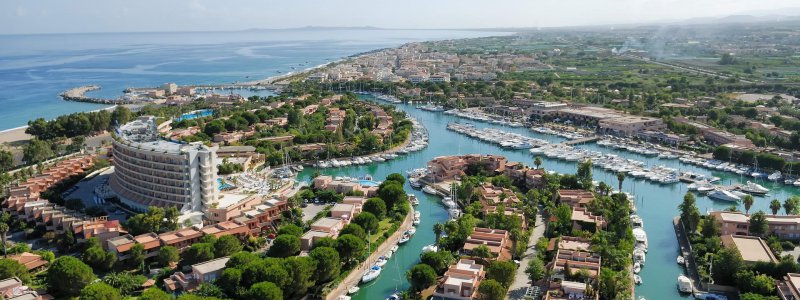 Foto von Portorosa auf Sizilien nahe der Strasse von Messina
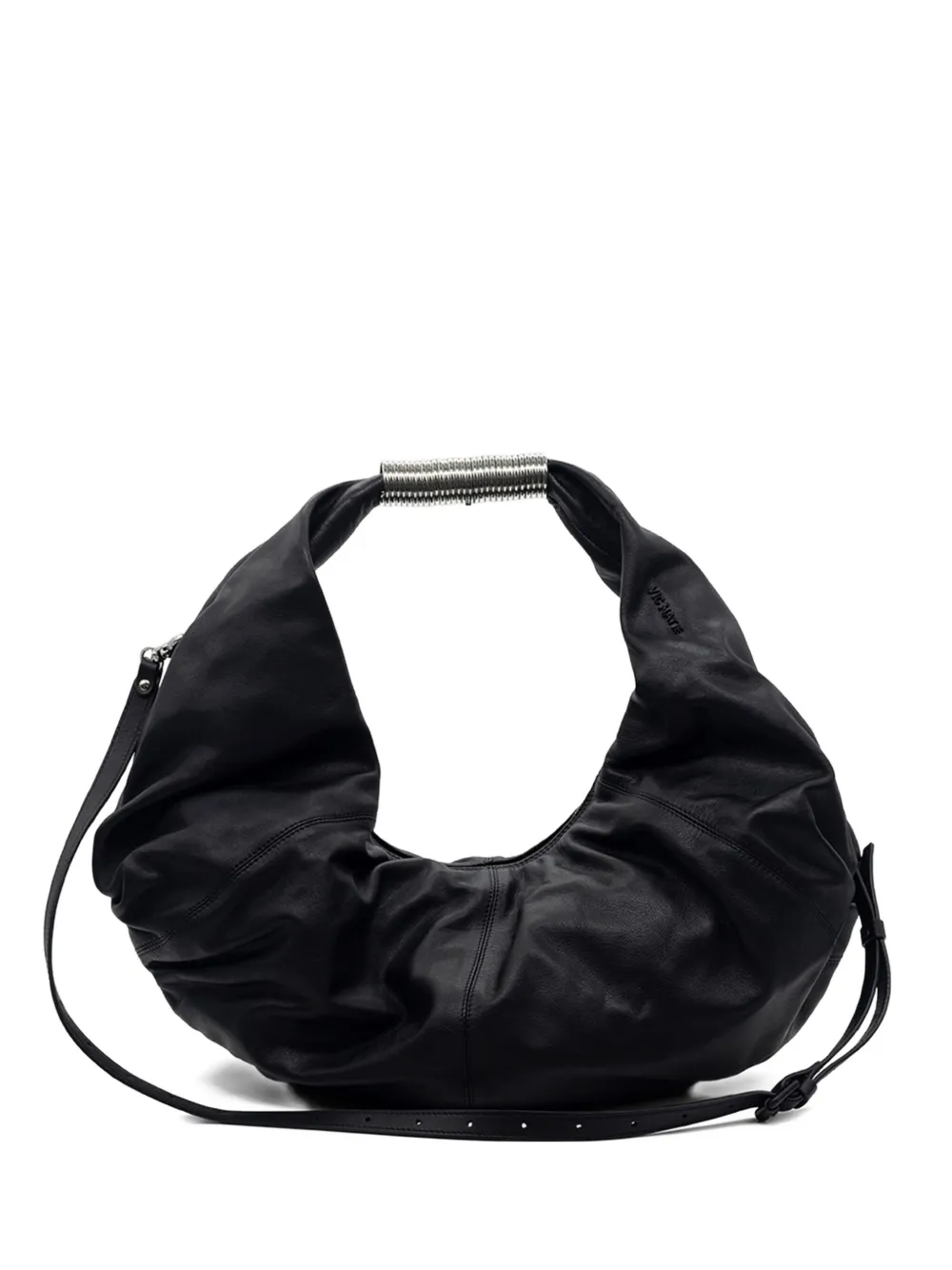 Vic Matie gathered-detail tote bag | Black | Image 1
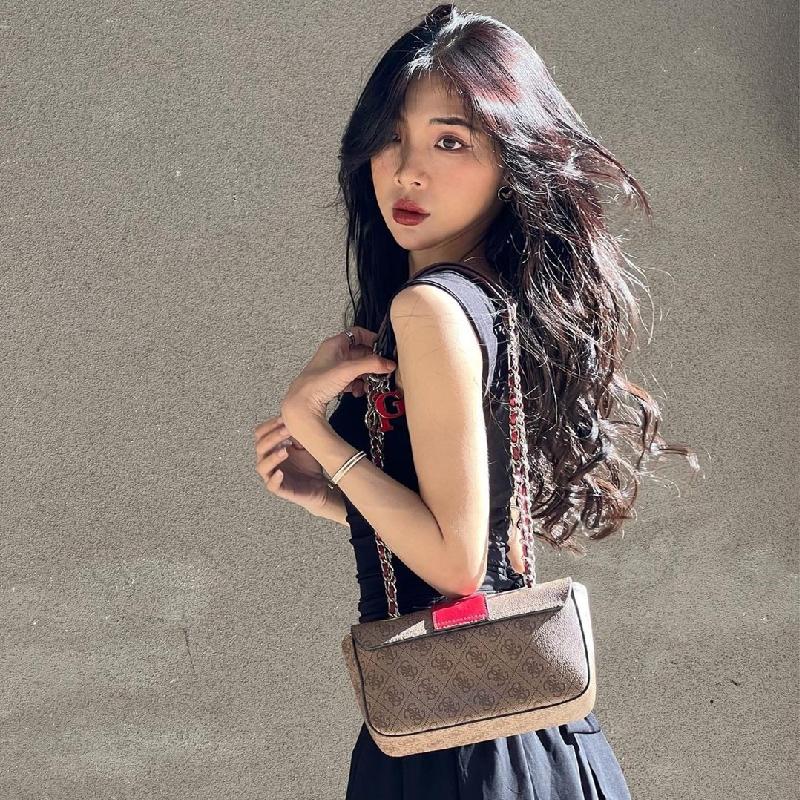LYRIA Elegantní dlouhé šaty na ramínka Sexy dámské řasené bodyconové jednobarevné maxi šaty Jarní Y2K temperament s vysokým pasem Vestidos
* * *
- _WHAT THE TASK REQUIRES_: Could you copy exactly, and with no pictures, the lines above from the one containing "Vic Matie gathered-detail" through the last line, both included?

- _SOLUTION TO THIS PROBLEM_:
 Vic Matie gathered-detail tote bag | Black | Image 1
LYRIA Elegantní dlouhé šaty na ramínka Sexy dámské řasené bodyconové jednobarevné maxi šaty Jarní Y2K temperament s vysokým pasem Vestidos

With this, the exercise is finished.